In her book, Pilates on the Ball, (Healing Arts Press, 2001), Craig describes the feelings she experienced upon returning to exercise after her self-imposed moratorium. "The first emotion was denial - I don't need this; I have managed for years without structured exercise. Then there was deep releasing of regret, and grief I could have lived so long without something that felt so soothing. . . . It was time to shift priorities, and to make room for those changes."

If a little voice keeps telling you it's time to get serious about a regular exercise program, check with your doctor and then start looking for something that resonates with you. Dancing, biking, walking, using an exercise ball, yoga, skating - the list is endless. Says Craig, "The success of any exercise approach relies on the responsibility of the participant, the doer, and how he or she connects to that method mentally, emotionally, and physically."

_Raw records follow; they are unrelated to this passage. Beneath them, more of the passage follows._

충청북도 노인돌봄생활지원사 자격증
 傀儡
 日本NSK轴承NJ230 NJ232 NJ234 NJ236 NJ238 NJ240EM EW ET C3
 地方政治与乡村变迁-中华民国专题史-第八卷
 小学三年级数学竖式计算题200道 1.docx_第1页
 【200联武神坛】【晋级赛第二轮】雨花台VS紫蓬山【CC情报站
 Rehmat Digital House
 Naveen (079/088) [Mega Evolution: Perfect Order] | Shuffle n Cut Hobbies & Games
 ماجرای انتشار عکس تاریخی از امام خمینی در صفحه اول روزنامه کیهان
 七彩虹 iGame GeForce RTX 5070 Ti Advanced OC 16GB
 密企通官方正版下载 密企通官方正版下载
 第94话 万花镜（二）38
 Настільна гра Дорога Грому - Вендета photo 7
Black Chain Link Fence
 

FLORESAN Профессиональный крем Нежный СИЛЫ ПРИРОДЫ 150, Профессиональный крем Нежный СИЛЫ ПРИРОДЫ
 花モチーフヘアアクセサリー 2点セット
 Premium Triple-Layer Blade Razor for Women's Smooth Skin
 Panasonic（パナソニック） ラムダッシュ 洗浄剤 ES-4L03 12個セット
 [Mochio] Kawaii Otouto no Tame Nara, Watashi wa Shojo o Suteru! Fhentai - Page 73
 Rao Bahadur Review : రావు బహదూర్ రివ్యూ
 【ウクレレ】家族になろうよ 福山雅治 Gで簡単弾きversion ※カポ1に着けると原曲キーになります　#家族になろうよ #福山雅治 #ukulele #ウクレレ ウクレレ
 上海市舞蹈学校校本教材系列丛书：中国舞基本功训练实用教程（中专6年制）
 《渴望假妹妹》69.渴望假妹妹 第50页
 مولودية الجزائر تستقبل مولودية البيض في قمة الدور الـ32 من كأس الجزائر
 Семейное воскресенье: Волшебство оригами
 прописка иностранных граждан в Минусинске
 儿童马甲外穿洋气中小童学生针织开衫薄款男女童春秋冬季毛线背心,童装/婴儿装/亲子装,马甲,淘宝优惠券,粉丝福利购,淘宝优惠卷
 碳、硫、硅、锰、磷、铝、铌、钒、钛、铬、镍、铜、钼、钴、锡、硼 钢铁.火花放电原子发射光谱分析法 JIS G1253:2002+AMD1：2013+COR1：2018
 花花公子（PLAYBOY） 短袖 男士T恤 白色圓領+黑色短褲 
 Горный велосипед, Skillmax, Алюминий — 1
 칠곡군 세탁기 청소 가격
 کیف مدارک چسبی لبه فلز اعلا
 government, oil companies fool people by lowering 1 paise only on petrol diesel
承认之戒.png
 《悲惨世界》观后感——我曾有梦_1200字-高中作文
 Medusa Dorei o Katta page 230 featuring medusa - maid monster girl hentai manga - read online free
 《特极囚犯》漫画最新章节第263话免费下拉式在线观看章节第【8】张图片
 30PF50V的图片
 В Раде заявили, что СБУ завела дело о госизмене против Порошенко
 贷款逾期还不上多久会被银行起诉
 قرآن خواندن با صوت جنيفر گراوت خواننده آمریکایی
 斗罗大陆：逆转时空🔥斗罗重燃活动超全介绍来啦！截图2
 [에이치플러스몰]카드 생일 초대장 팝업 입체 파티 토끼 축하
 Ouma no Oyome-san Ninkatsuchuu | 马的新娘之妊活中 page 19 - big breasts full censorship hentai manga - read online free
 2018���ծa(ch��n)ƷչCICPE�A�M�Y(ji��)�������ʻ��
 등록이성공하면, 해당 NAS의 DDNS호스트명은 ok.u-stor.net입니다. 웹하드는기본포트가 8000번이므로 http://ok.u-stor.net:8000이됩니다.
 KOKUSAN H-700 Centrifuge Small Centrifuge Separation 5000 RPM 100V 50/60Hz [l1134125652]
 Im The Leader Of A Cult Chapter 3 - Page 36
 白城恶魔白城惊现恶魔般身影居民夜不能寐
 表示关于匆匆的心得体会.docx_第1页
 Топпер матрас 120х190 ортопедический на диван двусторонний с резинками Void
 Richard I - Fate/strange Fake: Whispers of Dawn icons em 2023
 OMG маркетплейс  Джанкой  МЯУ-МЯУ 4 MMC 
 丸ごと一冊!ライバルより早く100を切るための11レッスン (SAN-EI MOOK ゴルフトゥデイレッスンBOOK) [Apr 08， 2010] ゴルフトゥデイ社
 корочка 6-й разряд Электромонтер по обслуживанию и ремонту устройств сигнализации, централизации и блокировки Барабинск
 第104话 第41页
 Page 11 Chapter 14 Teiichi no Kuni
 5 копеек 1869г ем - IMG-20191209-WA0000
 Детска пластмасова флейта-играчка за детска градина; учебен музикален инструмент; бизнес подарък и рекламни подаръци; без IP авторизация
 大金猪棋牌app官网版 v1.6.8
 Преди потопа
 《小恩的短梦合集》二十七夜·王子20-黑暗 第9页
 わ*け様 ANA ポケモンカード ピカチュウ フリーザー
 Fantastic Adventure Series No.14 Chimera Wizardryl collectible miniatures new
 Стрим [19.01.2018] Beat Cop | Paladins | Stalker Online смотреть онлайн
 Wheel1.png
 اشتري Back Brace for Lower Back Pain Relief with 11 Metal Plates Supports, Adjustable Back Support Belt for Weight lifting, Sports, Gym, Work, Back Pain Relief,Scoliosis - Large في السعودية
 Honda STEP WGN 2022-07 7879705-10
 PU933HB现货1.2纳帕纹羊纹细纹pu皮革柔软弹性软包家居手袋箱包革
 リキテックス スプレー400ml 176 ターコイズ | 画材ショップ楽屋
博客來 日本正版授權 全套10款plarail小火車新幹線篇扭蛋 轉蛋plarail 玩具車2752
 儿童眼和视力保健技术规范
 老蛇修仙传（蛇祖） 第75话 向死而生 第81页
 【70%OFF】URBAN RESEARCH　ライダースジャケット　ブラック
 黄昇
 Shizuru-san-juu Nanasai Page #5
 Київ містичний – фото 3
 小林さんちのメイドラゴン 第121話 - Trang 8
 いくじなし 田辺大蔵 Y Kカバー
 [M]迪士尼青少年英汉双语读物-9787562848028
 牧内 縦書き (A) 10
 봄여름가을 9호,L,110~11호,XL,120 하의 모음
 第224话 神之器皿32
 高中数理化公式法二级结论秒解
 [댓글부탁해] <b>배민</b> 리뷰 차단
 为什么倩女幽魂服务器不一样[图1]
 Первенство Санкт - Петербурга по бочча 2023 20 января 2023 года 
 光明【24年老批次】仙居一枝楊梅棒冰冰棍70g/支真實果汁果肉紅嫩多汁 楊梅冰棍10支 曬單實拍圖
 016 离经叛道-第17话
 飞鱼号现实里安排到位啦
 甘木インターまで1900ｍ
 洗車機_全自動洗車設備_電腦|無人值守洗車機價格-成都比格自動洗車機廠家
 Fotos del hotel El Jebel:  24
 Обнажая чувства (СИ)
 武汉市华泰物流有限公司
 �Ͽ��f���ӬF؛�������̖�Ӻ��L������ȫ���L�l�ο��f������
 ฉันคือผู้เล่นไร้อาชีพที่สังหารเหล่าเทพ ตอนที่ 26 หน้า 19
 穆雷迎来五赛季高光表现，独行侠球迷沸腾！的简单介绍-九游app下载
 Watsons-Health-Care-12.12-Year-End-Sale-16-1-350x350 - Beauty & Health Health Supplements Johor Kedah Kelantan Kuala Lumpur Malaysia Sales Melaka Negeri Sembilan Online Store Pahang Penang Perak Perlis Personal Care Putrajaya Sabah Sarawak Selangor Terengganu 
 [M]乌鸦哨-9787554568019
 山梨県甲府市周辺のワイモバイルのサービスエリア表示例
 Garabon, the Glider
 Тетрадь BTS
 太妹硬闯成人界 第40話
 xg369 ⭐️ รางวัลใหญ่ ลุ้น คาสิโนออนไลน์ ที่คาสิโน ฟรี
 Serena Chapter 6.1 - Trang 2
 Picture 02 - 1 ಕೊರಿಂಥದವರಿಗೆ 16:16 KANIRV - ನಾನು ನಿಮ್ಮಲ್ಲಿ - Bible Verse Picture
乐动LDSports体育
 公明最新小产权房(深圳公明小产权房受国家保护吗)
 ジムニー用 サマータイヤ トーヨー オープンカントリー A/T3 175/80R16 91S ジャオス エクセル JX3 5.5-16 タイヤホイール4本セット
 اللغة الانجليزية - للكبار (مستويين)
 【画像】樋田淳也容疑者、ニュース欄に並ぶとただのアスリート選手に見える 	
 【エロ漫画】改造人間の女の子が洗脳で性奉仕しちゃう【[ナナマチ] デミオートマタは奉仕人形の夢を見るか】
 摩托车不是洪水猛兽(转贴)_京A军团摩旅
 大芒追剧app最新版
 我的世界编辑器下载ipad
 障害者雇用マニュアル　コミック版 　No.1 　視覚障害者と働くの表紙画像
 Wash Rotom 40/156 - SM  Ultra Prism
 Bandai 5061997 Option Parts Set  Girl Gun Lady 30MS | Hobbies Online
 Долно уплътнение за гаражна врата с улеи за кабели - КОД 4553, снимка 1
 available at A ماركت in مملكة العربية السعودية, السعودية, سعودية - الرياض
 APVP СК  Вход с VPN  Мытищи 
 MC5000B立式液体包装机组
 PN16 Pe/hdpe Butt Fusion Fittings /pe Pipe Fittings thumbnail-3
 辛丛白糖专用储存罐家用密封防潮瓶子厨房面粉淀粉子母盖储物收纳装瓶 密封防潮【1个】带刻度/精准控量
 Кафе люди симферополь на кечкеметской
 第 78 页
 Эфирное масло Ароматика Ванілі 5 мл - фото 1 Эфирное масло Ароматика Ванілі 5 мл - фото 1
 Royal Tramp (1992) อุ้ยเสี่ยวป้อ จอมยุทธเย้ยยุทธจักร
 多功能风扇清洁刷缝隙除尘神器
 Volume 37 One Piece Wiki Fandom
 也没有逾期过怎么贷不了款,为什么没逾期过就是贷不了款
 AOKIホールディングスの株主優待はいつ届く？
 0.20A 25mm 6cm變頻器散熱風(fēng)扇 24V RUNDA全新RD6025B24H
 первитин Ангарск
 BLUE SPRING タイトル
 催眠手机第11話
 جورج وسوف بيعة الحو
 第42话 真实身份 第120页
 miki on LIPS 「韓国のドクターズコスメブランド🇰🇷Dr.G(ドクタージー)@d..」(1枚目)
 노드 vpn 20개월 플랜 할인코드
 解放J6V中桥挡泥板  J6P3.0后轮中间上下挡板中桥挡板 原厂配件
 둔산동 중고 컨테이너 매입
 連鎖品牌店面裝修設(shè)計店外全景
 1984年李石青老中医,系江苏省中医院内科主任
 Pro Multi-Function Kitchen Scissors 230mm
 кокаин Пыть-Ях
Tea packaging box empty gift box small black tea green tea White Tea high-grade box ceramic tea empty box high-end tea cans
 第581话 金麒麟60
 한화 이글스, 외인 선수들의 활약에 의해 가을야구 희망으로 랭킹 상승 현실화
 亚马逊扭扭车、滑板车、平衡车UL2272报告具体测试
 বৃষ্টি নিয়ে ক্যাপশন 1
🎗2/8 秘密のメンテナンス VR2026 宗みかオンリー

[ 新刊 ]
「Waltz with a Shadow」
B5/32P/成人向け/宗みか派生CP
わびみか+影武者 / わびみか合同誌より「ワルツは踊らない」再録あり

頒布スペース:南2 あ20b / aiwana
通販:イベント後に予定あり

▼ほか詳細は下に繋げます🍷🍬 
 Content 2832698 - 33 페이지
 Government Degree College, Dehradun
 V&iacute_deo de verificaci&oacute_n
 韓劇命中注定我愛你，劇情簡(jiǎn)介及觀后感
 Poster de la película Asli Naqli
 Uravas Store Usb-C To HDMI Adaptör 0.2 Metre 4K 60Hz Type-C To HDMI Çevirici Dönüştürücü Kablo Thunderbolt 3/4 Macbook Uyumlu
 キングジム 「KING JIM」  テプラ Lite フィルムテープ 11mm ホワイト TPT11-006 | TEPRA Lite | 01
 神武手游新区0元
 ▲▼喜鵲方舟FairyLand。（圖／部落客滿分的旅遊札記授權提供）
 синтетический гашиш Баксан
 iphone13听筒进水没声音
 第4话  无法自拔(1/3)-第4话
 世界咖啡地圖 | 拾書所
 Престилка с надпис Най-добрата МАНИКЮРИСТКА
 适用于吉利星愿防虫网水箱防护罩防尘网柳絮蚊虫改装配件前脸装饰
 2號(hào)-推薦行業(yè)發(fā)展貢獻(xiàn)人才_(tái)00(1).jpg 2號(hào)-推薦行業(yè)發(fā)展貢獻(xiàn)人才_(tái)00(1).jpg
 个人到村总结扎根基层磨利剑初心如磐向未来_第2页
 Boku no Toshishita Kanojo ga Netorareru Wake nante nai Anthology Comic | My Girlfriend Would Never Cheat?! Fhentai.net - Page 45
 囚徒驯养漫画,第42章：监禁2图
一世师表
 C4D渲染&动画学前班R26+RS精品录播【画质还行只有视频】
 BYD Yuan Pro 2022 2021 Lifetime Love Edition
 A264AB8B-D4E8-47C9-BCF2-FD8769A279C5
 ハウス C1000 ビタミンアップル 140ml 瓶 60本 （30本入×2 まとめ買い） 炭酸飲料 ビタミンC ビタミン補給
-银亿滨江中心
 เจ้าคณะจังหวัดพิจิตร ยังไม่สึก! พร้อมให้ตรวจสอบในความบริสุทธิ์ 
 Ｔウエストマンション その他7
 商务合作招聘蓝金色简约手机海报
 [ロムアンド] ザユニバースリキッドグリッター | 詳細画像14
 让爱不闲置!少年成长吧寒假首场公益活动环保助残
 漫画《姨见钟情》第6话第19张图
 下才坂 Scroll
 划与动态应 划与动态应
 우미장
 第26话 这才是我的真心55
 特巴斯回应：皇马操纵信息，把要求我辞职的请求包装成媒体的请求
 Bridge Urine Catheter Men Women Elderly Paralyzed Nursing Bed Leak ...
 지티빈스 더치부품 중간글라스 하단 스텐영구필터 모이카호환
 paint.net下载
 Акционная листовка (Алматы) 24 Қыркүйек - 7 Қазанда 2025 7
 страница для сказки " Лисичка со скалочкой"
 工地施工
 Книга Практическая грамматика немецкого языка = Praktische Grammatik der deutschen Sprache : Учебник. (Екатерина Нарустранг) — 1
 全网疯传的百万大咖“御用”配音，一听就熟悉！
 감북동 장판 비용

Pilates, which has taken America by storm in recent years, is a program of mental and physical conditioning developed by German-born Joseph Pilates during the First World War while he was interned in English camps. In the 1920s he brought his method to New York where ballet dancers embraced it. The method focuses on concentration, control, centering, breathing, postural alignment, flow, precision, stamina, and relaxation. The benefits include building strength from within to create elasticity and flexibility, a stronger back and abdominals, and improved posture.

Pilates is a good choice for busy lawyers who have lots of things on their minds that they would like to forget about, if only temporarily. Because it does not include endless, boring repetitions, but instead is mentally challenging and requires great focus and concentration, it's a sure-fire way to clear one's head while refreshing the body. And results are almost immediate - you will leave your first session feeling taller and stronger.

Observes Craig, "Many of my students come to my classes seeking physical conditioning, but what they also receive is mental conditioning - a way to get in touch with their inner strength and inner calm and to balance the chaos of their lives with sanity." Not even a lawyer can argue with that!